I’m really proud and honoured to be the next guy on Thor, but I am sad that I won’t get to read Jason’s Thor anymore. All it means to me is that I should do my job better, and I have to honour that because the bar has been set really fucking high. I just have to not mess it up, man.
Q: How would your run affect the continuity on Thor as a character?
A: Well, it helps that Jason and I are really good friends. Jason has known that I was gonna be on Thor for like, three years now. Jason and I have known that for a long time and that’s why I kinda like my Venom book tying into his Thor run.
We keep on playing back and forth with each other’s stuff like Knull is talking about King Thor and all these things. We’ve been playing back and forth this entire time, and we’ll keep on doing that. He’s now on a team book, and I’m on a solo book, so we all know what we’re doing. It’s why we have these retreats.
That being said, I never let continuity get into the way of a cool story. I always think about Jonathan Hickman’s Secret Wars, which is a phenomenal event. You have to understand that when Jonathan pitched that story, he came into a room and said, okay, my event starts with all your books being cancelled.
That had to have happened because everyone’s books stopped. Sometimes you just gotta do that. It’s weird to say it to Jason, but at a certain point, I just have to say, you can’t use Thor on this. But what’s really cool about that is I get to write the Avengers because I’m writing Thor, and if I want Captain America or Iron Man to show up, I can just do that.
Q: Are you going to return to creator-owned or independent comic books in the near future?
A: Yeah, I’ll be announcing two new Image books next year (in 2020).
Q: What’s your creative process when writing comics?
A: On Venom, especially, that’s like a culmination of 30 years of me being a little kid. When my first issue of Venom came out, that month was the 30-year anniversary of Venom. I’m 35, I was a five-year-old when it first came out.

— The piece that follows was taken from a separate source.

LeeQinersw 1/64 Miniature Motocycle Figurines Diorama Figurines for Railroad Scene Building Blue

A lot of my stuff is just ideas that I’ve had since I was a little kid. I remember I would just make stuff up to tell my friends because I was the only one who read comics. I would tell them, like the green drool in Venom’s mouth is actually the bullets that he gets hit with dissolved and retroactively I now make myself not a liar because I went and made that shit canon.

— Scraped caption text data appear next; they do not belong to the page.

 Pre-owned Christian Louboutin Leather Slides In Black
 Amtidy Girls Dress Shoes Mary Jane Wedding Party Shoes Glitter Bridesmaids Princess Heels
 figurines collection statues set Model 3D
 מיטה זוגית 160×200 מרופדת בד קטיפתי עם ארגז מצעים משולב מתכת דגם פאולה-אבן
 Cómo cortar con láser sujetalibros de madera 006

So really, it’s just me having fun, man, and to make Venom feel unique in his own space. I think that J. Michael Straczynski’s Amazing Spider-Man was very big for me as a writer because it’s such an additive series. He developed so many new things. What I took from that was in the first arc of JMS’ run, he introduced Morlun. We’ve seen Spider-Man fight Doc Ock, we kinda know how that fight goes.
You don’t know what’s going to happen with Morlun. He’s going to beat Peter Parker to death on a street, which he does, by the way. That makes it so scary because it’s new and unknown. There’s a lot of Morlun’s DNA in Knull.

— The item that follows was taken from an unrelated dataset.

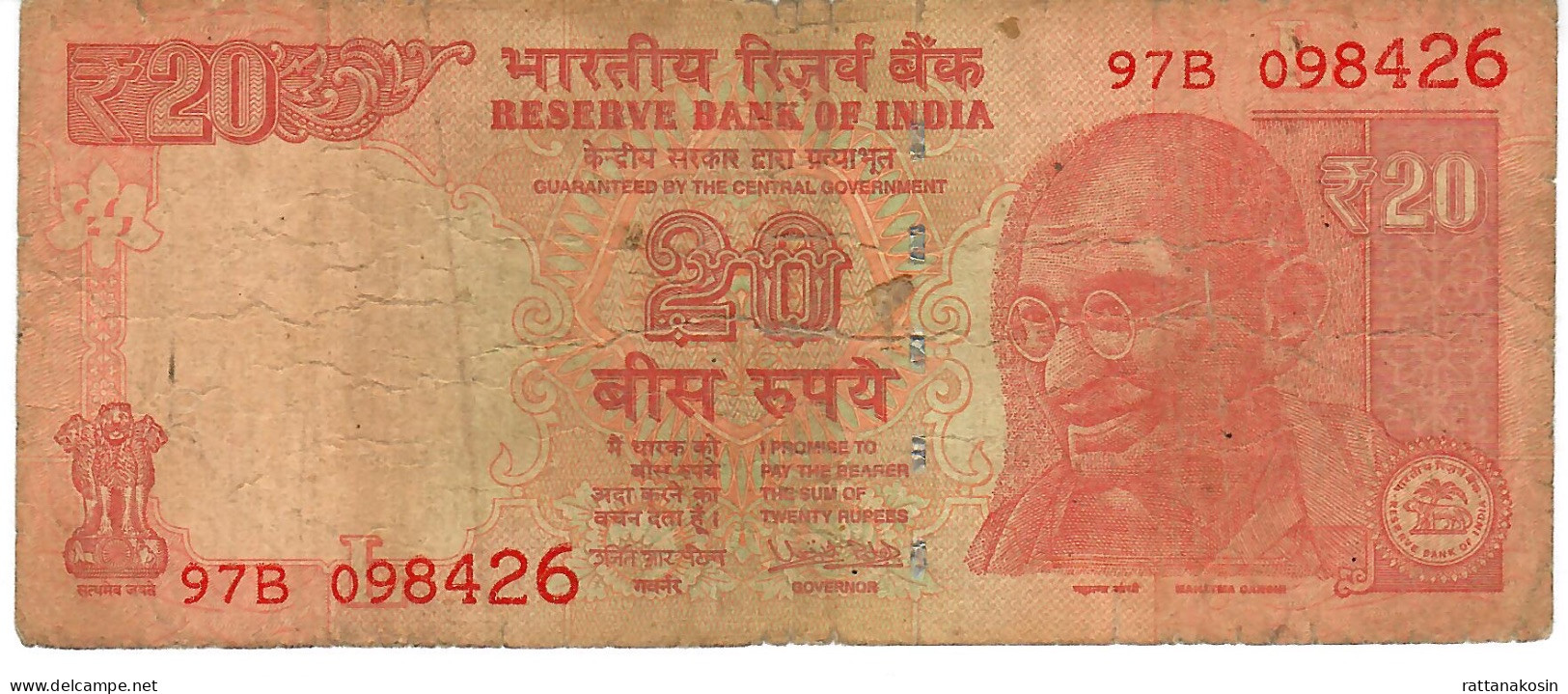 INDIA P103b2 20 RUPEES 2017 Signature 22 ( PATEL )  Letter L     VG/F - Indien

I try to be very additive, I try to look at what’s never been done. Not to promote my own book, but like Thor number #1 out January 1st, I found an unexplored area of Marvel dating back to the Jack Kirby cosmic odyssey stuff that I was just researching and looking at. I was reading it and I was like, I found this little plothole, this little piece of unexplored territory in an old Stan and Jack comic.
But I called Tom Brevoort at Marvel. He’s kinda like the all-father who knows everything. I called him and I said, hey, is it possible that no one has ever explained ‘this’, that ‘this’ has never been fleshed out? And he said, no, no one’s ever done that. I ask, can I do it, and he said, yeah.
I know that I’m speaking in absolute vagueries now but you’ll understand what I mean when you read it.
I don’t like telling stories about stories, I don’t like to do my version of whatever, I like to add some type of lore into it.
I want books to be changed after I leave them if that makes any sense.